The pain specialist kept upping the doses. They made Elliot so drowsy that he started to fall asleep as soon as we started kissing at night. Elliot was crushed but determined to fix the problem. It affected the core of his sense of self as a man. I loved that he still cared so passionately about this kind of connection, and it amazed me that it took so long for his mountains of drugs to get in the way. He soldiered on, unwavering in his mission to find opportunities to please. He refused to give up life’s greatest rewards.
“I’m feeling a bit lightheaded, edgy, but the methadone seems to have blunted the pain substantially, so how can I complain?” he emailed me one day. “Only problem is that… ‘other problem,’ which I’m confident we can overcome with time and patience. Because as powerful as these meds are, my love for you is stronger by far. I think you knew that…”
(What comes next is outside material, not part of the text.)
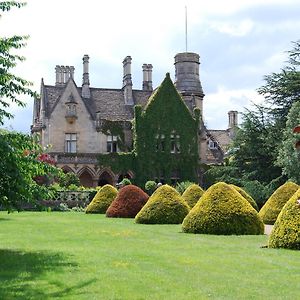 Manor By The Lake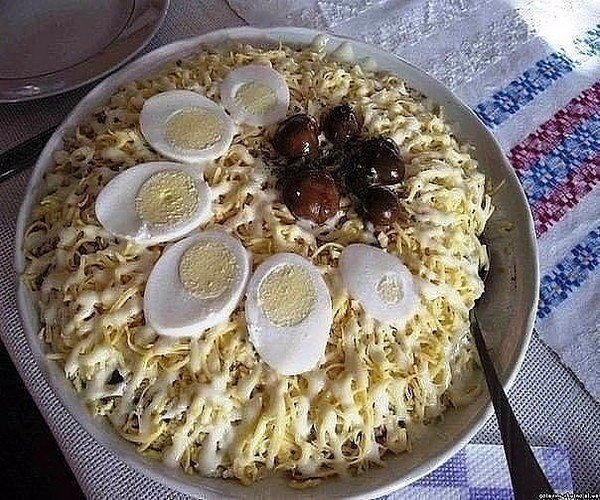 25 рецептов салата с сыром:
One day Elliot forgot his jacket on the train, fell down the station stairs and almost stepped into the gap between the subway and the platform. It was clear he was getting too spacey for the commute. I kept suggesting that if he didn’t like to work at home, we should find a carpool or hire a taxi. It turned out Bloomberg would pay for one, but he didn’t want to be treated like an invalid. His obstinacy was an asset in fighting this disease but it could also keep him from accepting practical solutions.
Elliot clung to the shards of denial as much as he could. I couldn’t afford to. As much as I wanted to stay in the present, and appreciate every minute of our time together, I had to think ahead too. I was the one who made sure we updated our wills and health care proxies. I was the one who had to calculate whether I could stay in our house with my kids on just my income. I was the one who Googled articles on helping kids cope with bereavement because I’d be the one left behind to deal with their devastation. I was the one who might need to initiate getting help from hospice; he would never make that move. It would signal giving up. I thought about doing some research on local hospices just in case, maybe even writing a newspaper article about them as a way to check out a few places, but that seemed sneaky. If I went scouting out deathbeds behind Elliot’s back, and he found out about it, he would be shattered.
“Hope for the best,” my doctor told me at a checkup, “but prepare for the worst.”
When Elliot’s third pair of chemo drugs failed to help, he agreed to try an experimental one. Until now he was reluctant to be a “guinea pig” but had no real options left. He was scheduled to start a trial of a pill called Brevanib in mid-September.
“How many more ways can I show/tell you I love you?” he slugged an email in early September. “I’m drifting off again. But you’re all I think about lately. Well, you and that pill I’ll be taking in a week or so. But I try not to think about that, so more/most of my thoughts are amorous ones about you. We should hop a plane to Paris, book a week at the Agora Saint Germain, line up in the morning at Eric Kayser’s boulangerie, and while away the afternoons at the Luxembourg Gardens or the Grand Palais, leave time for a nap (definitely!) then dinner at Les Pipos. I see the Louvre, the Musee d’Orsay and the Picasso Museum are collaborating on a massive Picasso show that runs from October till February of next year. He’s not my favorite, but in small doses, and certain periods, I do enjoy.”
Elliot had always reveled in his vivid fantasy life. At least he still had that.